I have been quite touched by the change in the poor old woman. When she sat down beside me, she said in a very gentle way, “I want to say something to you, mister.”
I could see she was not at ease, so I took her poor old wrinkled hand in mine and asked her to speak fully.
So she said, leaving her hand in mine, “I’m afraid, my deary, that I must have shocked you by all the wicked things I’ve been sayin’ about the dead, and such like, for weeks past, but I didn’t mean them, and I want ye to remember that when I’m gone. We aud folks that be daffled, and with one foot abaft the krok-hooal, don’t altogether like to think of it, and we don’t want to feel scart of it, and that’s why I’ve took to makin’ light of it, so that I’d cheer up my own heart a bit. But, Lord love ye, mister, I ain’t afraid of dyin’, not a bit, only I don’t want to die if I can help it. My time must be nigh at hand now, for I be aud, and a hundred years is too much for any woman to expect. And I’m so nigh it that the Aud Woman is already whettin’ her scythe. Ye see, I can’t get out o’ the habit of caffin’ about it all at once. The chafts will wag as they be used to. Some day soon the Angel of Death will sound her trumpet for me. But don’t ye dooal an’ greet, my deary!”— for she saw that I was crying —“if she should come this very night I’d not refuse to answer her call. For life be, after all, only a waitin’ for somethin’ else than what we’re doin’, and death be all that we can rightly depend on. But I’m content, for it’s comin’ to me, my deary, and comin’ quick. It may be comin’ while we be lookin’ and wonderin’. Maybe it’s in that wind out over the sea that’s bringin’ with it loss and wreck, and sore distress, and sad hearts. Look! Look!” she cried suddenly. “There’s something in that wind and in the hoast beyont that sounds, and looks, and tastes, and smells like death. It’s in the air. I feel it comin’. Lord, make me answer cheerful, when my call comes!” She held up her arms devoutly. Her mouth moved as though she were praying. After a few minutes’ silence, she got up, shook hands with me, and blessed me, and said goodbye, and hobbled off. It all touched me, and upset me very much.
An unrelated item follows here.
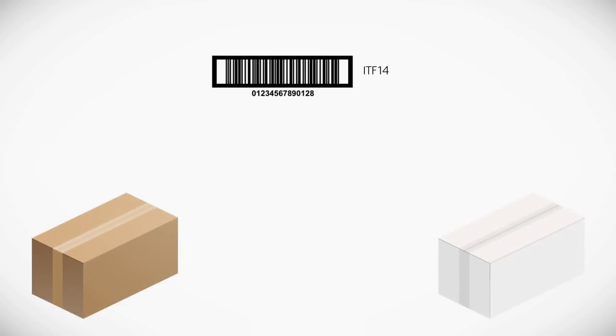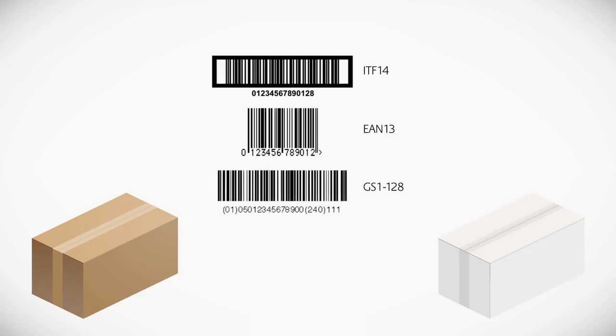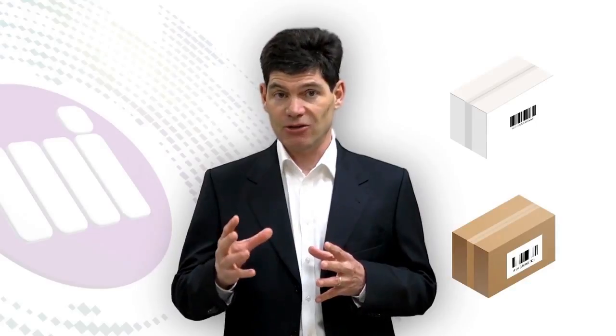The choice varies depending on the barcode that you use. For the ITF-14 barcode, GS1 recommends ANSI Grade D. Touch-dry produces 100% compliant barcodes on either brown or white packaging. For EAN-13 or GS1-128 barcodes, GS1 recommends ANSI Grade C. On white packaging, touch-dry produces 100% compliant barcodes with Grade C or higher, whether on white packaging or brown packaging with a white patch.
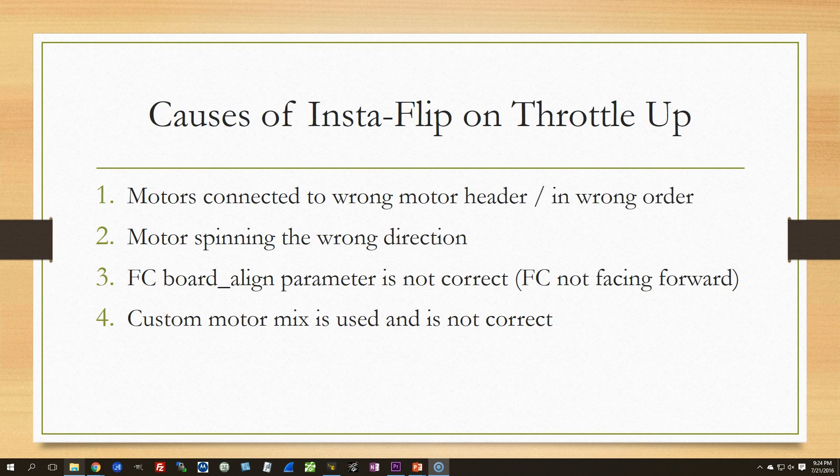If your copter does what the copter I just showed you did, then you have insta-flip on throttle up. It flips over the minute you throttle up past a certain point. This is a very common problem — many people are afflicted with it. There's nothing to be ashamed of, and the good news is that there are very few causes, and it's always one of these four causes.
I was glad when the coastguard came along, with her spyglass under her arm. She stopped to talk with me, as she always does, but all the time kept looking at a strange ship.
“I can’t make him out,” she said. “He’s a Russian, by the look of him. But he’s knocking about in the queerest way. He doesn’t know his mind a bit. He seems to see the storm coming, but can’t decide whether to run up north in the open, or to put in here. Look there again! He is steered mighty strangely, for He doesn’t mind the hand on the wheel, changes about with every puff of wind. We’ll hear more of him before this time tomorrow.”